Character handling: isascii() is a function that checks if the given character code is a valid ASCII code. isupper() is a function that checks if a given character is an upper-case letter. tolower() is a function that translates an upper-case letter to its equivalent lower-case letter.
Note that both functions get an input_pipe and an output_pipe array. However, when calling the functions we must make sure that the array we give one as its input pipe - we give the other as its output pipe, and vice versa. Failing to do that, the user_handler function will write a character to one pipe, and then both functions will try to read from the other pipe, thus causing both of them to block, as this other pipe is still empty.
Try to think: what will happen if we change the call in line 'A' above to:

translator(user_to_translator, user_to_translator); /* line 'A' */

and the code of line 'B' above to:

user_handler(translator_to_user, translator_to_user); /* line 'B' */
Think harder now: what if we leave line 'A' as it was in the original program, and only modify line 'B' as in the previous question?

The complete source code for this example may be found in the file two-way-pipe.c.

Named Pipes

One limitation of anonymous pipes is that only processes 'related' to the process that created the pipe (i.e. siblings of that process.) may communicate using them. If we want two un-related processes to communicate via pipes, we need to use named pipes.

What Is A Named Pipe?

A named pipe (also called a named FIFO, or just FIFO) is a pipe whose access point is a file kept on the file system. By opening this file for reading, a process gets access to the reading end of the pipe. By opening the file for writing, the process gets access to the writing end of the pipe. If a process opens the file for reading, it is blocked until another process opens the file for writing. The same goes the other way around.

Creating A Named Pipe With The `mknod` Command

A named pipe may be created either via the 'mknod' (or its newer replacement, 'mkfifo'), or via the mknod() system call (or by the POSIX-compliant mkfifo() function). To create a named pipe with the file named 'prog_pipe', we can use the following command:

mknod prog_pipe p

We could also provide a full path to where we want the named pipe created. If we then type 'ls -l prog_pipe', we will see something like this:


prw-rw-r--   1 choo     choo            0 Nov  7 01:59 prog_pipe

The 'p' on the first column denotes this is a named pipe. Just like any file in the system, it has access permissions, that define which users may open the named pipe, and whether for reading, writing or both.

Opening A Named Pipe For Reading Or Writing

Opening a named pipe is done just like opening any other file in the system, using the open() system call, or using the fopen() standard C function. If the call succeeds, we get a file descriptor (in the case of open(), or a 'FILE' pointer (in the case of fopen()), which we may use either for reading or for writing, depending on the parameters passed to open() or to fopen().

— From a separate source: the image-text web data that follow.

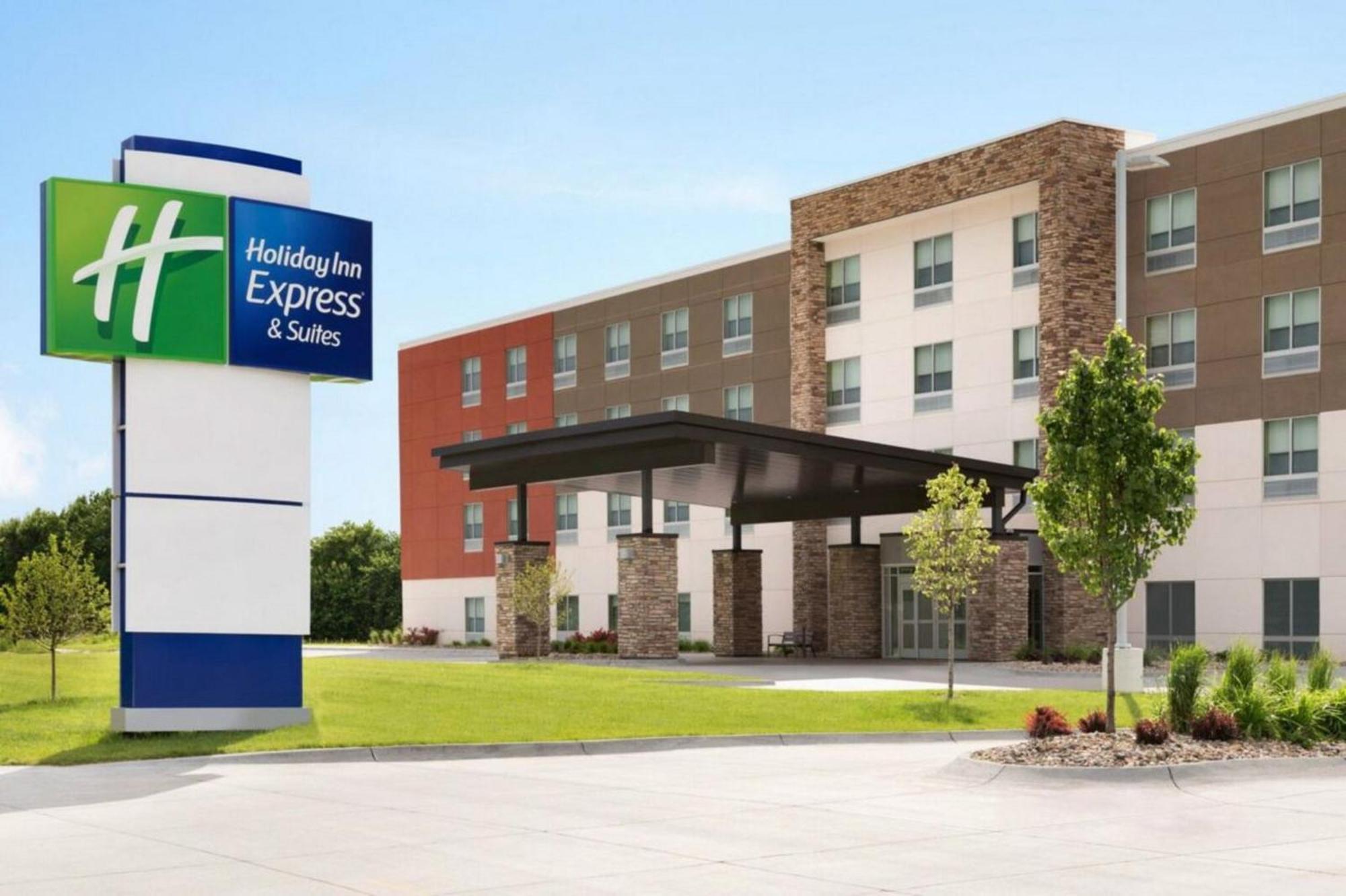 Holiday Inn Express & Suites Waynesboro East ภายนอก รูปภาพ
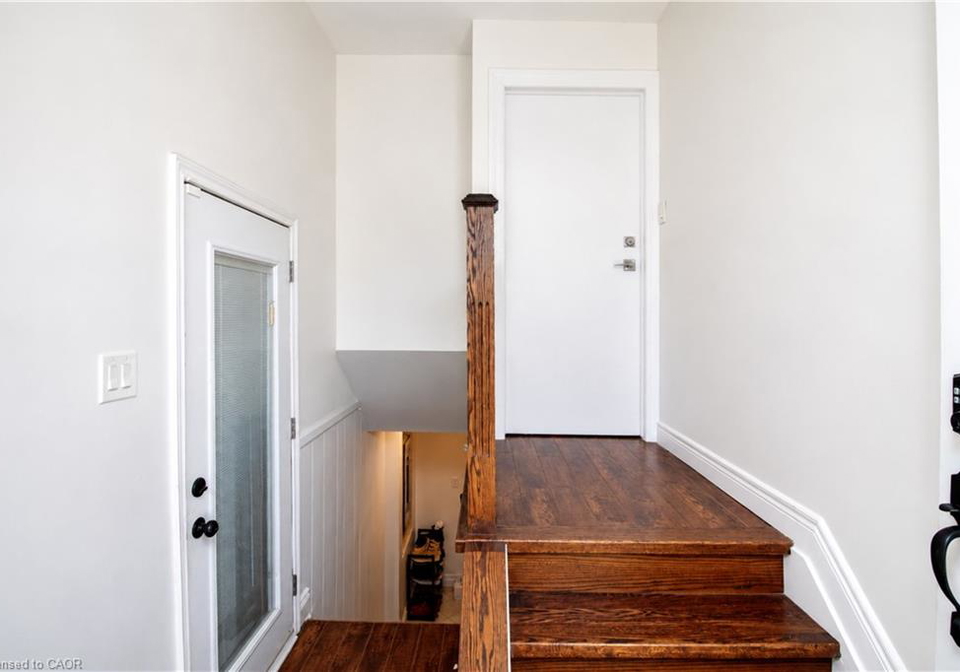 103-mcanulty-boulevard-hamilton-ontario-40836870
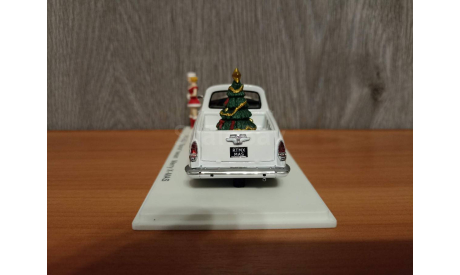 1/43 ГАЗ M22 Волга Пикап Merry X-mas Белый NEO, масштабная модель, Neo Scale Models, scale43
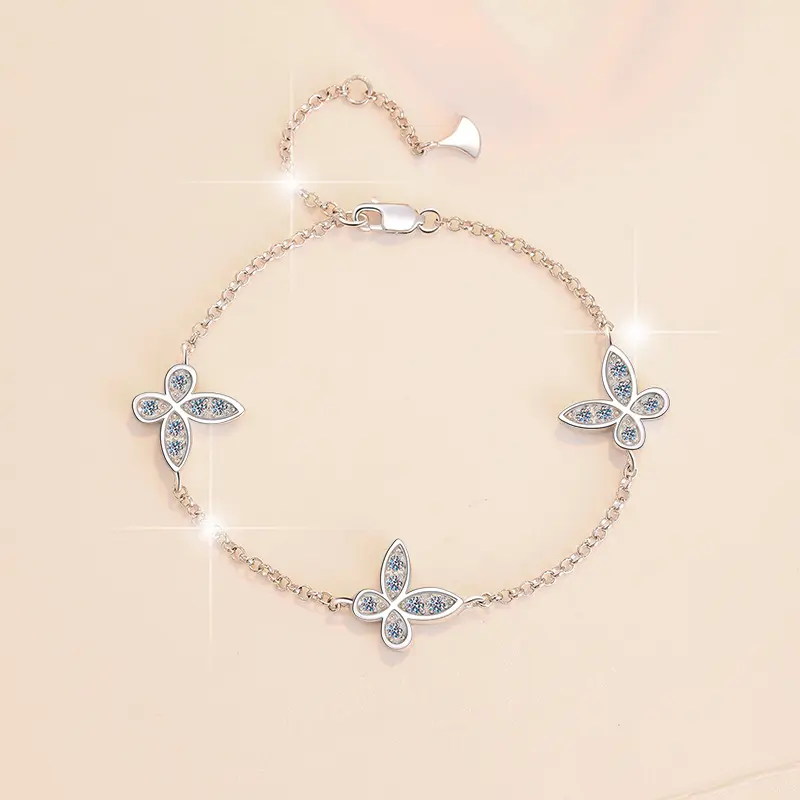 925 Sterling Silver Bracelet with D Color Moissanite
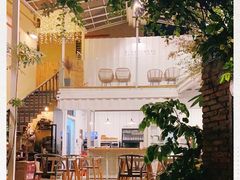 -花苑里咖啡(威远店)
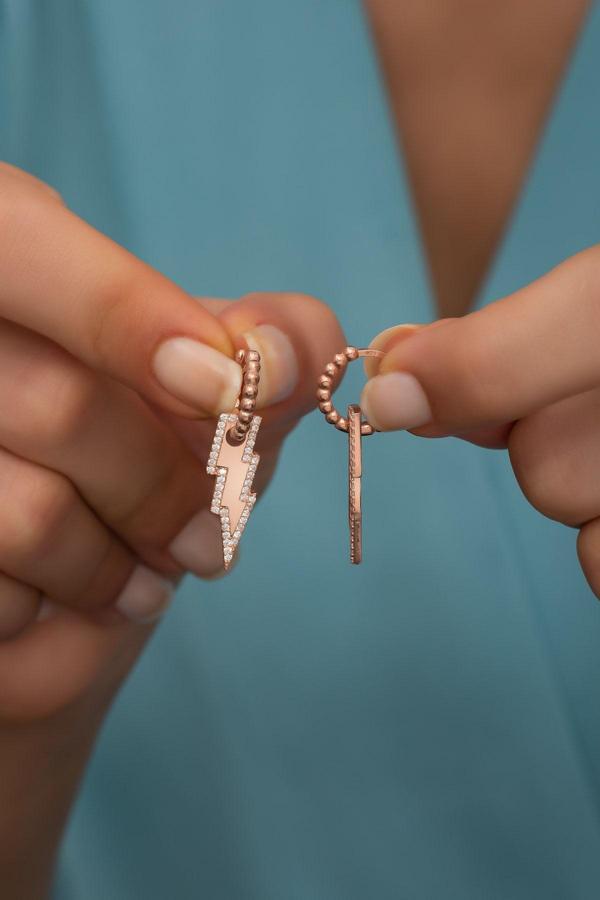 925 Ayar Gümüş Rose Şimşek Model Küpe - Image 1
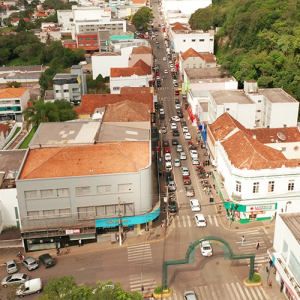 Tribunal de Contas suspende licitação de mais de R$ 5,4 milhões para limpeza urbana; entenda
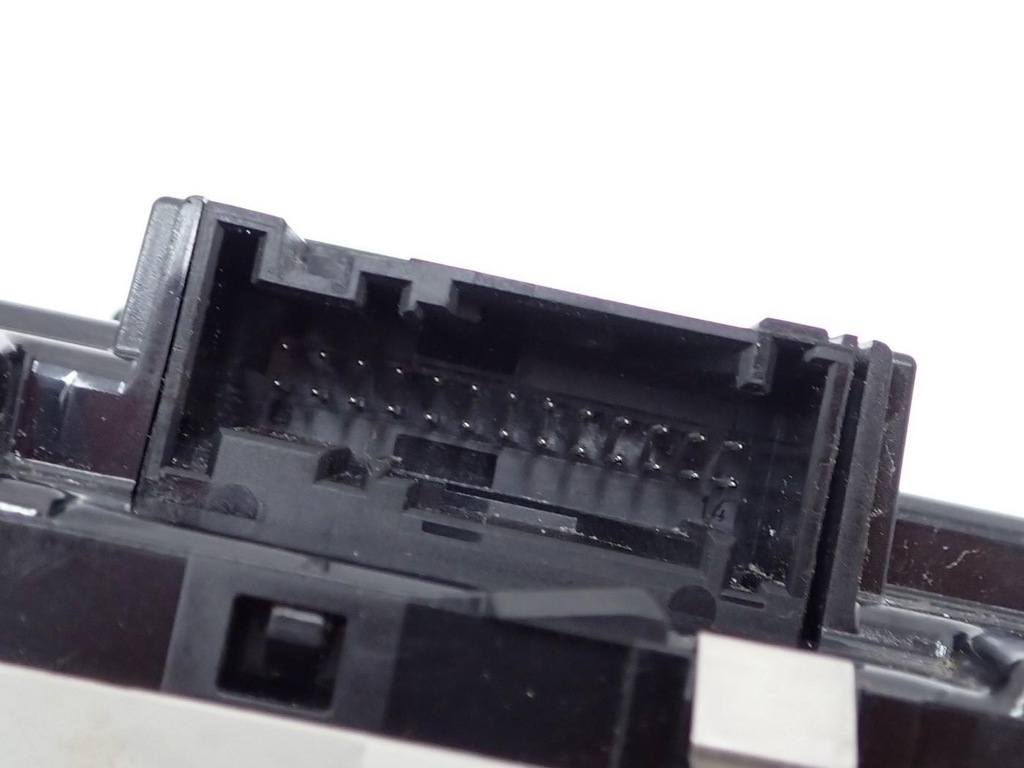 фото №10, Лампа салону кабіни оригінал 5e3959561h skoda octavia iv 5e3 22r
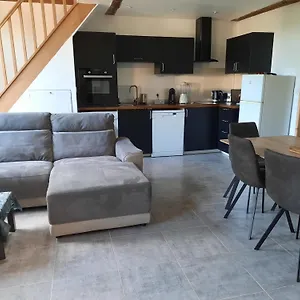 https://chez-line-et-pierre-appartement-spacieux-lumineux-et-quip.midi-pyreneeshotels.com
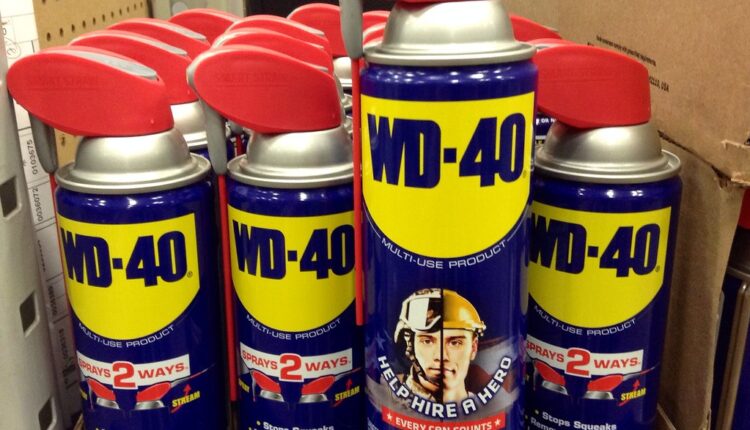 5 situacija u kojima je WD-40 sprej spas: Kada ništa drugo ne deluje, upotrebite ga za ove stvari 5 situacija u kojima je WD-40 sprej spas: Kada ništa drugo ne deluje, upotrebite ga za ove stvari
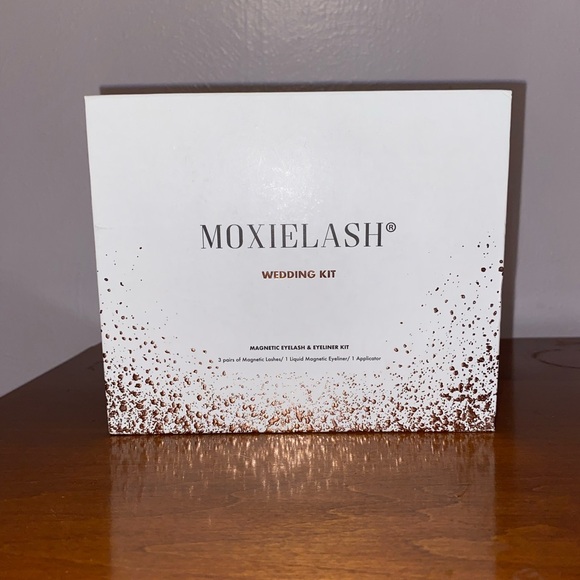 MoxieLash Wedding Kit - Magnetic Eyelash & Eyeliner Set - Picture 1 of 3
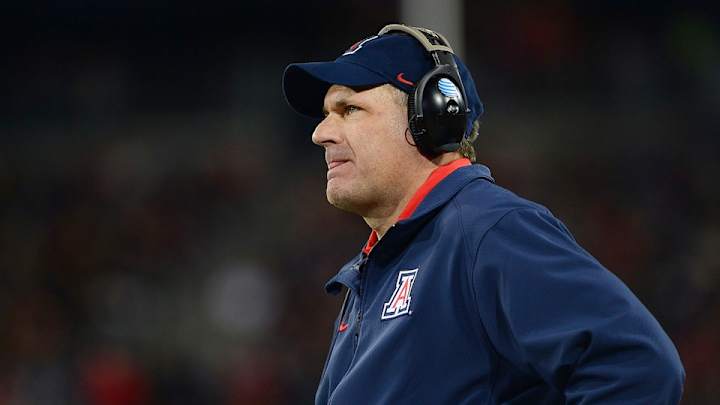 Rich Rodriguez turns down South Carolina, stays with Arizona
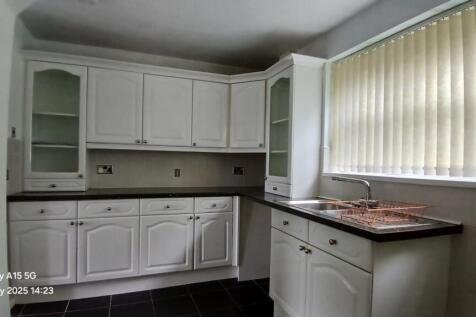 254 Owton Manor Lane 28.07 (2)
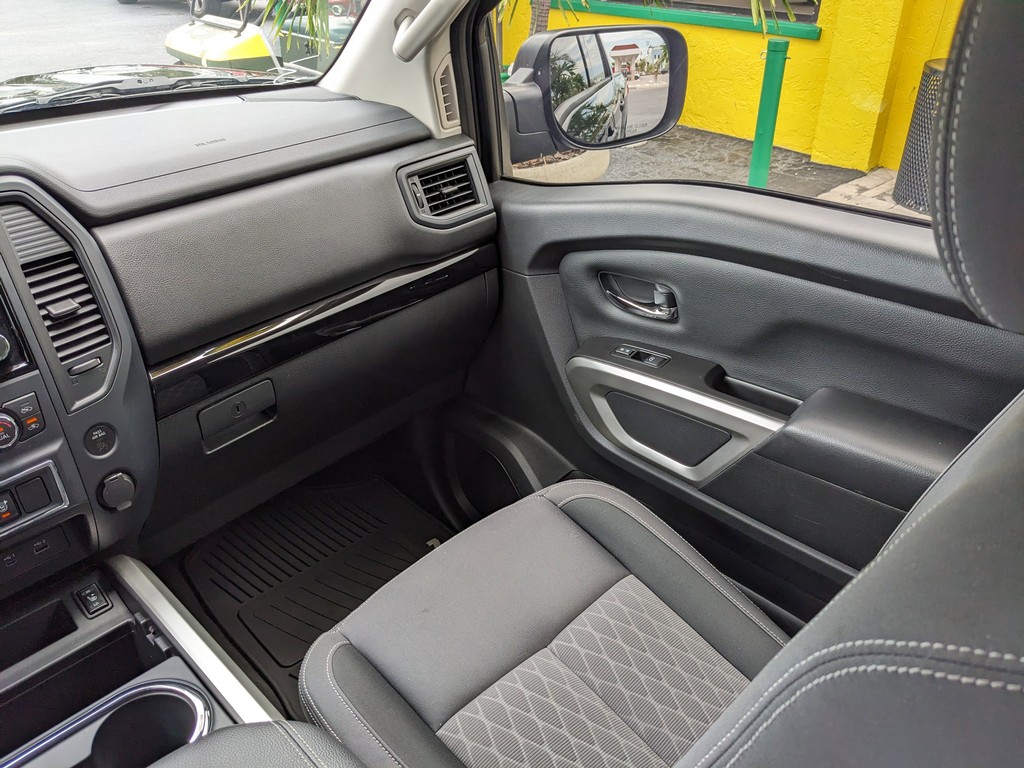 Nissan Titan Vehicle Full-screen Gallery Image 13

Reading/Writing From/To A Named Pipe

Reading from a named pipe is very similar to reading from a file, and the same goes for writing to a named pipe. Yet there are several differences:

Either Read Or Write - a named pipe cannot be opened for both reading and writing. The process opening it must choose one mode, and stick to it until it closes the pipe.
Read/Write Are Blocking - when a process reads from a named pipe that has no data in it, the reading process is blocked. It does not receive an end of file (EOF) value, like when reading from a file. When a process tries to write to a named pipe that has no reader (e.g. the reader process has just closed the named pipe), the writing process gets blocked, until a second process re-opens the named pipe.

Thus, when writing a program that uses a named pipe, we must take these limitations into account. We could also turn the file descriptor via which we access the named pipe to a non-blocking mode. This, however, is out of the scope of our tutorial. For info about how to do that, and how to handle a non-blocking pipe, please refer to the manual pages of 'open(2)', fcntl(2), read(2) and write(2).

Named Pipe - A Complete Example

As an example to an obscure usage of named pipes, we will borrow some idea from a program that allows one to count how many times they have been "fingered" lately. As you might know, on many Unix systems, there is a finger daemon, that accepts requests from users running the "finger" program, with a possible user name, and tells them when this user last logged on, as well as some other information. Amongst other thing, the finger daemon also checks if the user has a file named '.plan' (that is dot followed by "plan") in her home directory. If there is such a file, the finger daemon opens it, and prints its contents to the client. For example, on my Linux machine, fingering my account might show something like:


[choo@simey1 ~]$ finger choo
Login: choo                             Name: guy keren
Directory: /home/choo                   Shell: /bin/tcsh
On since Fri Nov  6 15:46 (IDT) on tty6
No mail.
Plan:
- Breed a new type of dogs.
- Water the plants during all seasons.
- Finish the next tutorial on time.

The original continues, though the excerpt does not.